Wie sieht es mit Amerika aus, schließlich ist es ein Produkt einer amerikanischen Firma, wurde aber in Europa entwickelt – erkläre doch mal, wie es dort läuft?
Amerika ist eine große Herausforderung, das Produkt dort zu vermarkten, macht ganz eigene Probleme, wie zum Beispiel Trail-Aktivisten zu belehren. Die Leute denken wir hätten ein elektrisches Moped – mit einem Gasgriff – und denken wir werden die Natur und Trails zerstören. Man muss sie dann erstmal dazu bringen, es auszuprobieren und zu merken, um was es wirklich geht. Im Allgemeinen ist die Auffassung jedoch extrem positiv, es kommt wirklich gut an. Der durchschnittliche europäische Kunde weiß genau, was ein Bike mit Tretunterstützung ist, das war beim durchschnittlichen amerikanischen Kunden bisher noch nicht so. Das ist noch eine Menge Arbeit.

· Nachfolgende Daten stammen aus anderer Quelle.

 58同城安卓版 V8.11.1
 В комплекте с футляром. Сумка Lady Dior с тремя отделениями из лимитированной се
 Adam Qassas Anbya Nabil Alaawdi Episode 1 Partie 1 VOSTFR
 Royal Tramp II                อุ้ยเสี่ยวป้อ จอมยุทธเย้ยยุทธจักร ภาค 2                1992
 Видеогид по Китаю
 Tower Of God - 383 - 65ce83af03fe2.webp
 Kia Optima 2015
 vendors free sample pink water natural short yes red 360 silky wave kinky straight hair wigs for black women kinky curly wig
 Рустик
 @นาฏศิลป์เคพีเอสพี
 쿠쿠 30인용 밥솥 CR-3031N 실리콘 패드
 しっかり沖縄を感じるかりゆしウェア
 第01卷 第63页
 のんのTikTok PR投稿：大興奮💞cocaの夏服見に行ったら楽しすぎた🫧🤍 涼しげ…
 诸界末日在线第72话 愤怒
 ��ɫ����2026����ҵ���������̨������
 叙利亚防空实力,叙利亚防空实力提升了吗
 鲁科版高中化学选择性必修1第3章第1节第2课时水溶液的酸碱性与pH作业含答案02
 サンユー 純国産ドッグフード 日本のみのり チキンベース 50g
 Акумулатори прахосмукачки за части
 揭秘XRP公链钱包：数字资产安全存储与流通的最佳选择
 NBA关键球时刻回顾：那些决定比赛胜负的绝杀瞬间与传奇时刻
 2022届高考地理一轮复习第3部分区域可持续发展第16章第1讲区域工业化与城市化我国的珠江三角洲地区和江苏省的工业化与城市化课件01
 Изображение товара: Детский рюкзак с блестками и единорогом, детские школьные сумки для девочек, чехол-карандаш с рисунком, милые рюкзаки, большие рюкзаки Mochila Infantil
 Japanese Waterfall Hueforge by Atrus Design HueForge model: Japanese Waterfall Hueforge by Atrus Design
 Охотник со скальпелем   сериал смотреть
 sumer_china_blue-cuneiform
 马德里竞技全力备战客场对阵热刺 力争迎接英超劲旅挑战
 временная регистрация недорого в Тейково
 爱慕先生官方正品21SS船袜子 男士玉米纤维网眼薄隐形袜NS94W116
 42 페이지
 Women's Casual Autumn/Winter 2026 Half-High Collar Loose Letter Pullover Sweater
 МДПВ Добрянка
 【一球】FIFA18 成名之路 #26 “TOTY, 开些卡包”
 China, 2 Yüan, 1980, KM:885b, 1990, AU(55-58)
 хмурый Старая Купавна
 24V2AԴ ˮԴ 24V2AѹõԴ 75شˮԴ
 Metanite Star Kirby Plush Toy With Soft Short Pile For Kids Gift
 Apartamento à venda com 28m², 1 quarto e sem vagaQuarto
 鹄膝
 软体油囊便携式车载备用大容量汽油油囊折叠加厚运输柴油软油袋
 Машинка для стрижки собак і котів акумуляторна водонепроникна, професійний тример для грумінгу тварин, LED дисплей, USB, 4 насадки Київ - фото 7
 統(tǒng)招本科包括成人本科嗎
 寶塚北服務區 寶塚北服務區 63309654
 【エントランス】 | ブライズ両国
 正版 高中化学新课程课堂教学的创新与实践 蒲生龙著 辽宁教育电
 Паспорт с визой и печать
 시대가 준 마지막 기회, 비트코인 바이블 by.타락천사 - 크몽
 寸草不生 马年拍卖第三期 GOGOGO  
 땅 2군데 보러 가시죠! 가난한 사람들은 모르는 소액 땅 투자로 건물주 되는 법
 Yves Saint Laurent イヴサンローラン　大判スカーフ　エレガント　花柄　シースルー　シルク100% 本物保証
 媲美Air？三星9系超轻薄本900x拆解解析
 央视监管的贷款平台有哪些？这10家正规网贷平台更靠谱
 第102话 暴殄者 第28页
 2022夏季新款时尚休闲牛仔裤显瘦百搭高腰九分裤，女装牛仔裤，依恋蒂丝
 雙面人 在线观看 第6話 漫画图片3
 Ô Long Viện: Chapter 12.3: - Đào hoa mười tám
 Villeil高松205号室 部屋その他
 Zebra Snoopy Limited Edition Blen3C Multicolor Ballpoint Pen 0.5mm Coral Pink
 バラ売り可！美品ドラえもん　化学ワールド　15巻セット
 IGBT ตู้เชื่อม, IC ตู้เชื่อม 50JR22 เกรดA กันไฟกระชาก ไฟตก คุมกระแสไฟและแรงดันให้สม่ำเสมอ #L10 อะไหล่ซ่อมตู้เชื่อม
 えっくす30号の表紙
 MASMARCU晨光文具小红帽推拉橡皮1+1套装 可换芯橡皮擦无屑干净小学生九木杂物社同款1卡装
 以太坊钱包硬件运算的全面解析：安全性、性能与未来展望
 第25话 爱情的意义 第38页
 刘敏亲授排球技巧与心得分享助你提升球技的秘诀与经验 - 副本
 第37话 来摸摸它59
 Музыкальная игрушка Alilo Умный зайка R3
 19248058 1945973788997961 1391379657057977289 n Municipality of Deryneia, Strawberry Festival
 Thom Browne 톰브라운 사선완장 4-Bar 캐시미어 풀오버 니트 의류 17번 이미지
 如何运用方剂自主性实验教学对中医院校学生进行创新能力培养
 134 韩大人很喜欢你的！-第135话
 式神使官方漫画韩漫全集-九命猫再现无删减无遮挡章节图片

Wenn die Leute es einmal gefahren sind, sind sie Feuer und Flamme. Wir sind eine gigantische Marke dort drüben, wir haben ein Händlernetz, Erkennungswert und eines der besten Schulungssysteme. In Europa geht es immer um die Zahlen: welches Motordrehmoment, Schaltwerk, etc. In Amerika ist die Gesamtqualität wichtig – zwei ganz verschiedene Paar Schuhe. Wir können beides erfüllen, bevorzugen es aber ein insgesamt qualitatives Produkt zu haben und nicht einfach nur in den Zahlen zu gewinnen.
Was denkst du seit der Einführung des Turbo Levos über die Konkurrenz? Was ist euer nächster Schritt?
Die Konkurrenz schläft nicht, nächstes Jahr werden wir … ha ha … Was wir wissen ist, dass wir etwas gezeigt haben, das drastisch anders ist – die Konkurrenz hat mindestens zwei Jahre gebraucht, um zu antworten. Ein so komplexes Bike kann man nicht in einem Jahr entwickeln.
Natürlich gehen noch andere in eine ähnliche Richtung wie wir im Performance-MTB-Markt, das ist eine stichhaltige Kategorie. Mehr Unternehmen werden folgen, keiner schläft, auch unsere Zulieferer nicht. Wir werden bald ein Software-Update veröffentlichen, es sind jedoch noch einige Dinge in Planung, denn auch wir schlafen nicht. Wir haben ein 15-köpfiges Team in der Schweiz, die müssen ja etwas machen …
Wir entwickeln nun lieber auf Ziele zu, als um welchen auf immer verfügbaren Motor herum. Wir fragen uns, wo wir hinkommen wollen und entwickeln dann in diese Richtung. Wir haben Spaß daran. Die Batterie-Integration und Form des Specialized Turbo Levos hat einen Standard gesetzt, bei dem andere Probleme haben ihn zu erreichen – selbst bei Dingen wie dem Umfang des Unterrohrs.
Wird die Batterie-Zelltechnologie ändern, was man mit einem E-Bike machen kann?
Ich kann dem, was andere Unternehmen bisher mit Doppel-Batterie-Ideen, usw. gemacht haben nur Beifall spenden. Allerdings muss man manchmal etwas weiter denken. Keiner weiß, was sich in Sachen Zelltechnologie tun wird – jeder, der denkt, dass es bald eine große Änderung von irgendeinem Startup geben wird, muss sich darüber im Klaren werden, dass diese für die nächsten 10 – 15 Jahre nicht produziert werden wird.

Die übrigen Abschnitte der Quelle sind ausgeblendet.